> What is being asked: Without pictures, output exactly the lines running from the line containing "فندک زیپو 540" to the end of the listing below.

> Data for this exercise:
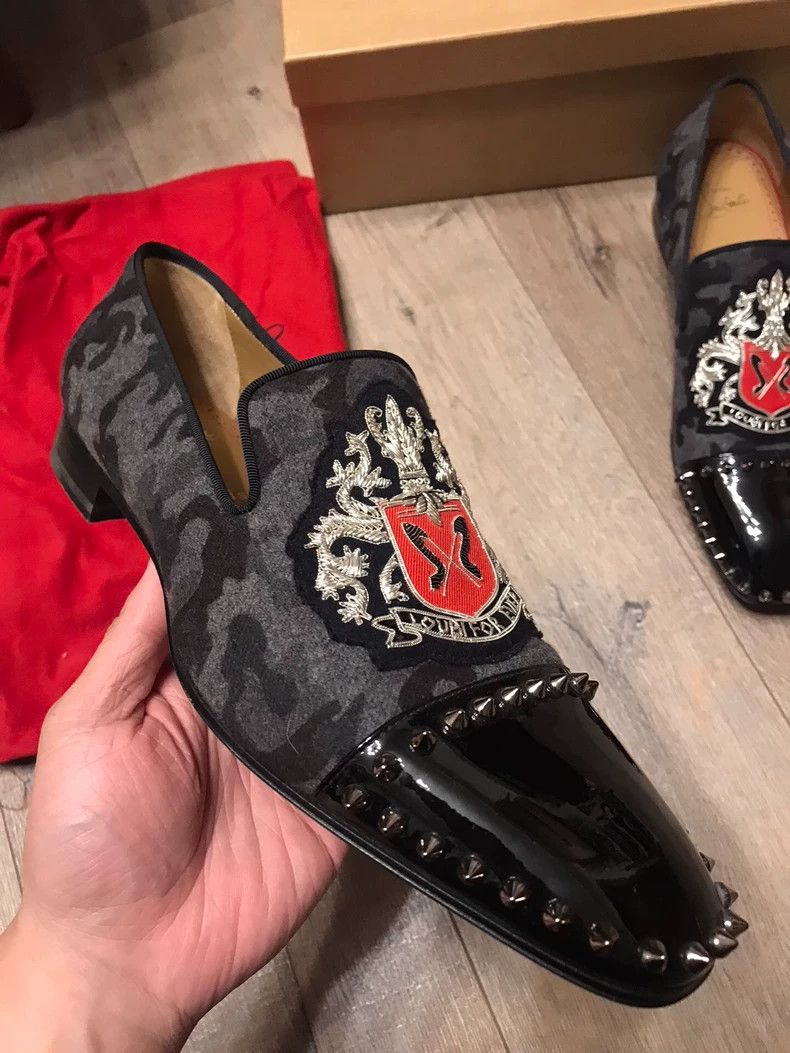 Christian Louboutin Christian Louboutin Casual Shoes with Embroidery Size US 10.5 / EU 43-44 - 2 Thumbnail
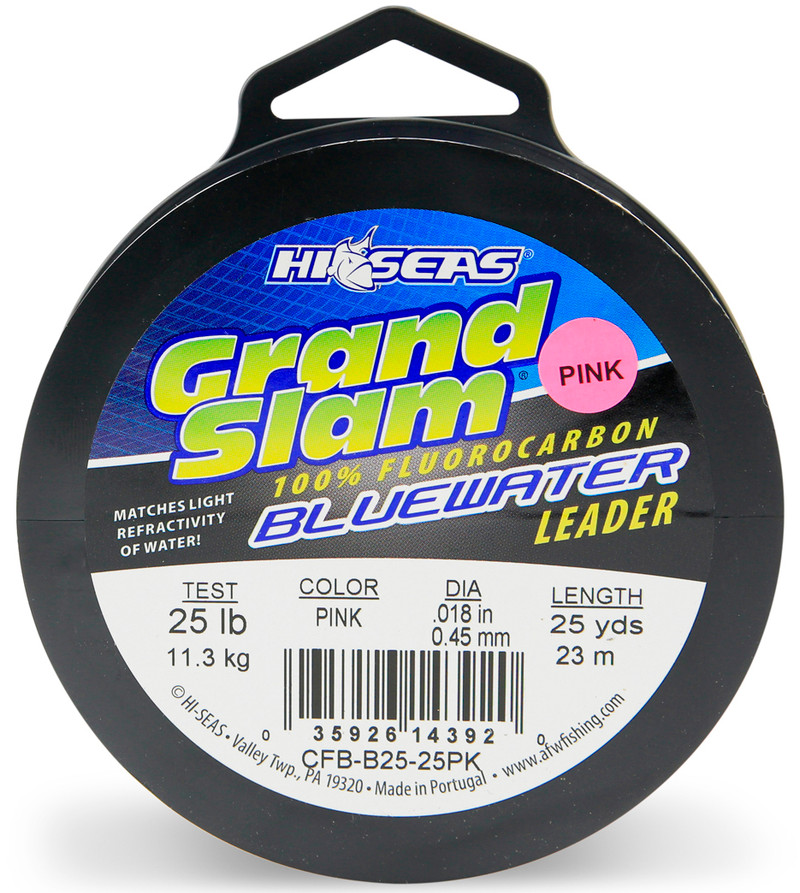 Hi-Seas, Grand Slam Mono Fishing Line, Clear, 30 lb (13.6 kg) Test, 1/4 lb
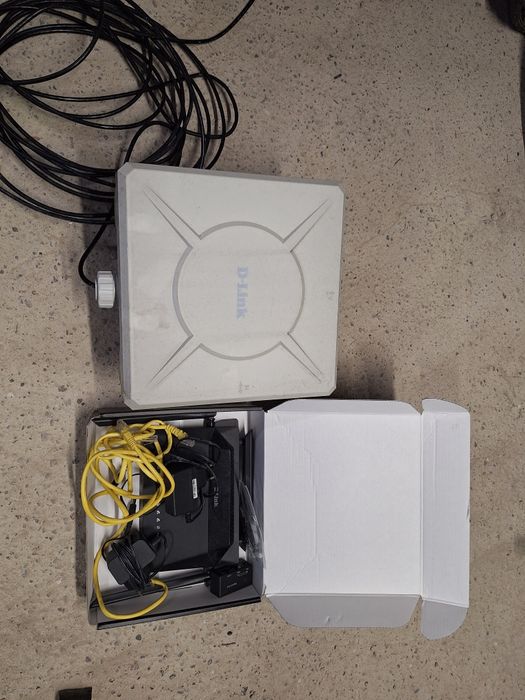 Router D-link + antena D- link caly zestaw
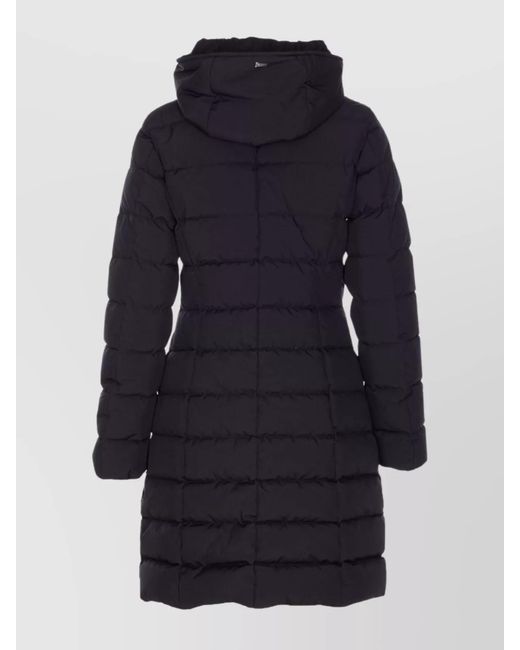 Herno Blue Two-Layer Windstopper Hooded Puffer Jacket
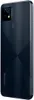 The back of a black Realme C21 smartphone is shown in a diagonal view. Produktbild-Vorschau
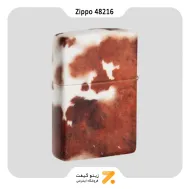 فندک زیپو 540 رنگ مدل 48216 طرح چرم گاو-Zippo Lighter 48216 Cow Print Design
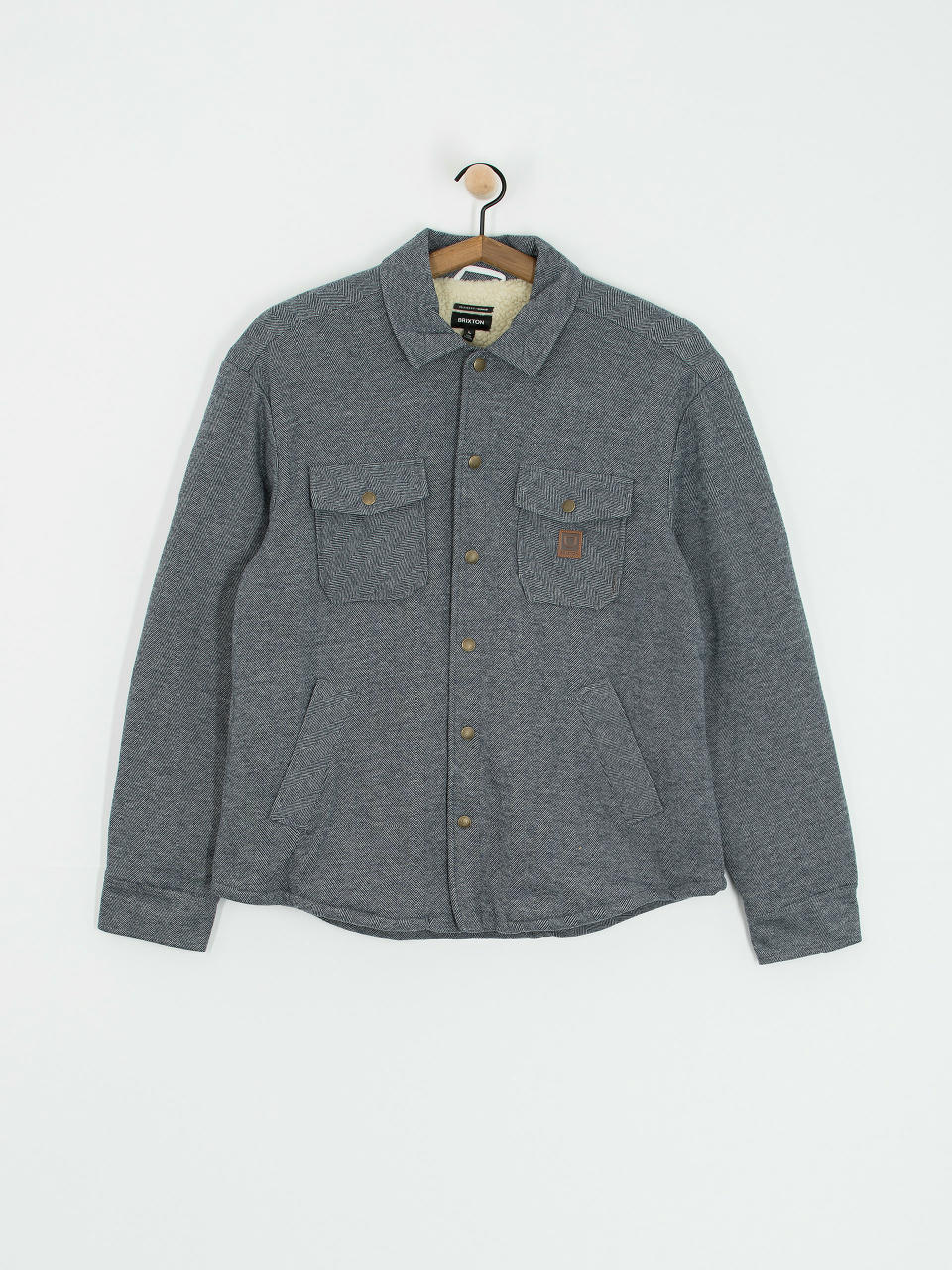 Яке Brixton Durham Lined (black herringbone)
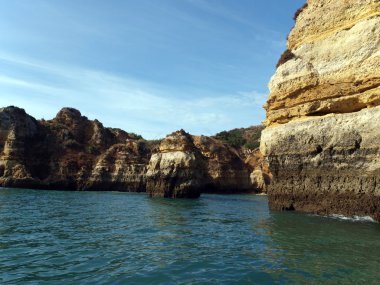 Lagos ve Cap Vincent arasındaki Resimli Algarve Sahili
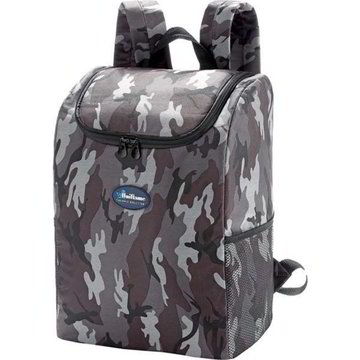 Zaino Termico Isolato 35 Lattine - 27 Litri, Impermeabile, Con Tasca Frontale E Laterali, Ideale Per Picnic, Campeggio E Spiaggia - 3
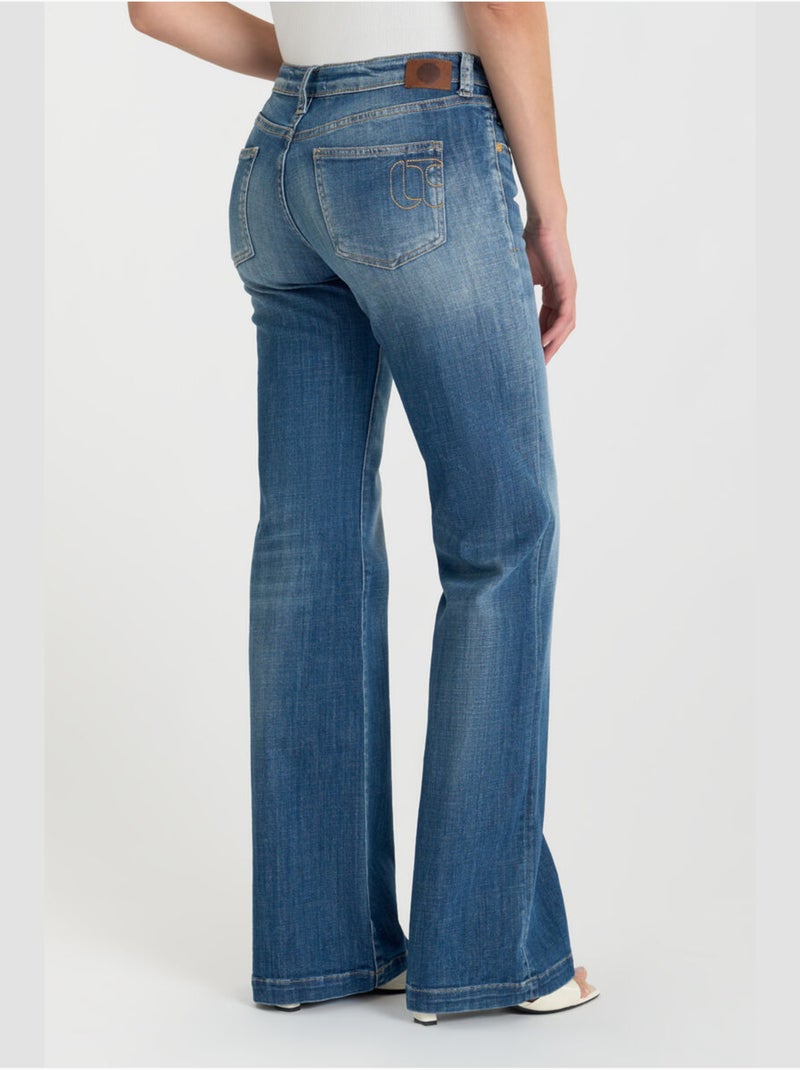 Jeans flare flare, largo 34 Azul - Kiabi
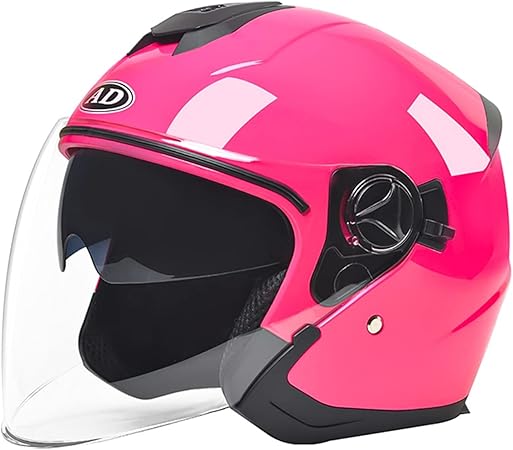 Amazon 原付 四季ヘルメット バイク用ヘルメット フルフェイス ダブルシールド レディーズ メンズ 通気穴 クリアシールド スモークシールド 茶色 紫外線カット スクーター バッテリカー 男女兼用 多色選択 半帽 車 バイク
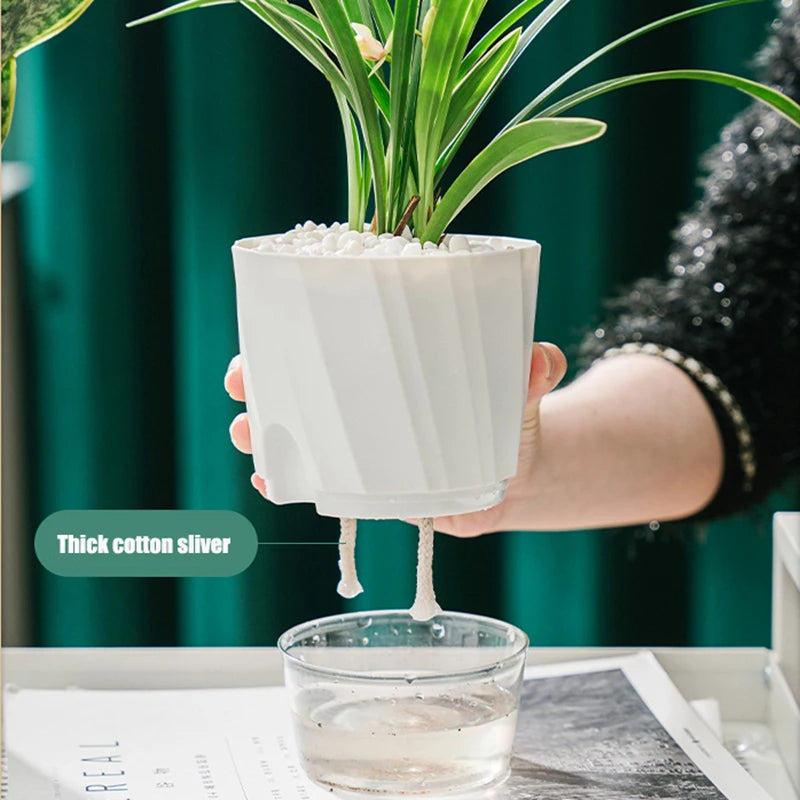 Self-Watering Hydroponic Flower Pot – Double Layer Design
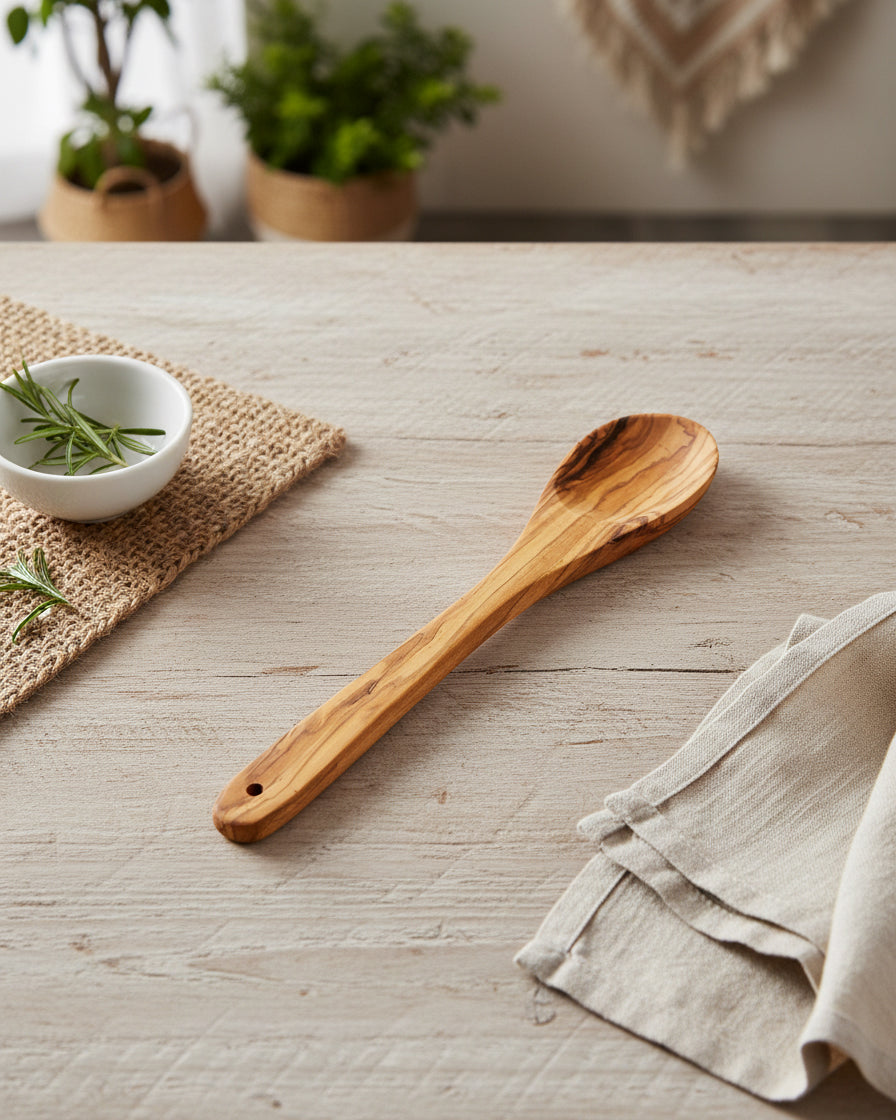 Olive Wood Spoon Rest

> Written reply:
 فندک زیپو 540 رنگ مدل 48216 طرح چرم گاو-Zippo Lighter 48216 Cow Print Design
 Яке Brixton Durham Lined (black herringbone)
 Lagos ve Cap Vincent arasındaki Resimli Algarve Sahili
 Zaino Termico Isolato 35 Lattine - 27 Litri, Impermeabile, Con Tasca Frontale E Laterali, Ideale Per Picnic, Campeggio E Spiaggia - 3
 Jeans flare flare, largo 34 Azul - Kiabi
 Amazon 原付 四季ヘルメット バイク用ヘルメット フルフェイス ダブルシールド レディーズ メンズ 通気穴 クリアシールド スモークシールド 茶色 紫外線カット スクーター バッテリカー 男女兼用 多色選択 半帽 車 バイク
 Self-Watering Hydroponic Flower Pot – Double Layer Design
 Olive Wood Spoon Rest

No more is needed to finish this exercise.